Cette rigidité dans les principes anticipe celle du père de Gaulle demandant une minute de silence à ses élèves au motif qu’en condamnant Dreyfus, la France s’était déshonorée. Elle devait inspirer le refus de tout antisémitisme de la part du général. Rien à voir avec ceux pour qui le sort d’un homme importait peu face au prestige de l’armée.
De Gaulle , héritier de Richelieu , était assurément attaché à l’obéissance à l’Etat mais, pour lui, comme d’ailleurs pour la tradition chrétienne, elle n’était pas un absolu. Il ne se serait pas permis de récuser la parole du Magnificat Deposuit potentes de sede qui gênait tant Louis-Philippe et Maurras, mesurant au contraire qu’elle était à l’honneur de l’Occident.
Chateaubriand d’un côté, de Bonald de l’autre, voilà le commencement de deux écoles du catholicisme politique français qui ne cessèrent de s’opposer (la troisième, la démocratie chrétienne n’étant pas encore née ). L’opposition De Gaulle-Maurras ne se comprend pas sans référence à celle de Chateaubriand et de Bonald.
Une opposition qui a d’autres dimensions : ainsi une meilleure acceptation du fait de la modernité et le sentiment qu’il existait des évolutions inéluctables de la part aussi bien de Chateaubriand et De Gaulle, mais sans le moindre optimisme chez l’un comme chez l’autre vis-à-vis du supposé « progrès ». Cela conduisit le vicomte à cette parole prophétique, qui éclaire si bien ce à quoi nous assistons aujourd’hui : « Si la religion chrétienne s’éteignait, on arriverait par la liberté à la pétrification sociale où la Chine est arrivée par l’esclavage » : qu’en pensent ceux qui, de son temps et de nos jours, disent d’un ton narquois que Chateaubriand était trop bon écrivain pour être un penseur ?

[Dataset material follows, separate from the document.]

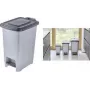 keeeper Olaf balde de pedal, 25 litros, polipropileno, prateado claro 1031416000000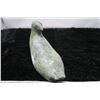Image 2 : Grey/Green stone seal, 8” long, 6” high, heavy, lovely to hold, unsigned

Plus radical que les maurrassiens quant au réalisme et au primat du politique et par là éloigné de toute utopie, tel apparait de Gaulle. Mais en même temps, disciple de Chateaubriand , il réserve mieux que Maurras la part de la liberté , inséparable d’une vision spirituelle du destin de l’Europe lequel ne s’arrête pas pour lui en 1789 . Cela n’est contradictoire qu’en apparence : le général savait que dans les dures réalités de la politique, nationale et internationale, les interstices par où peut passer la lumière sont rares . Le responsable politique doit se tenir à l’écart de la double tentation de l’idéologie ( il disait les « chimères ») qui mêle dangereusement des plans qu’il faut tenir séparés et d’ un positivisme prosaïque qui donnerait un tour absolu aux réalités politiques. Comme la nature et la grâce, le réalisme le plus froid et l’idéalisme de fond ne se contredisent pas pour le chrétien qu’était de Gaulle.
Roland HUREAUX
Cf. Roland Hureaux, Pasteurs et scribes dans l’Eglise et dans l’Etat , in Liberté politique n°22, printemps 2003. Dans l’Ancien testament, un pasteur est tout simplement un chef.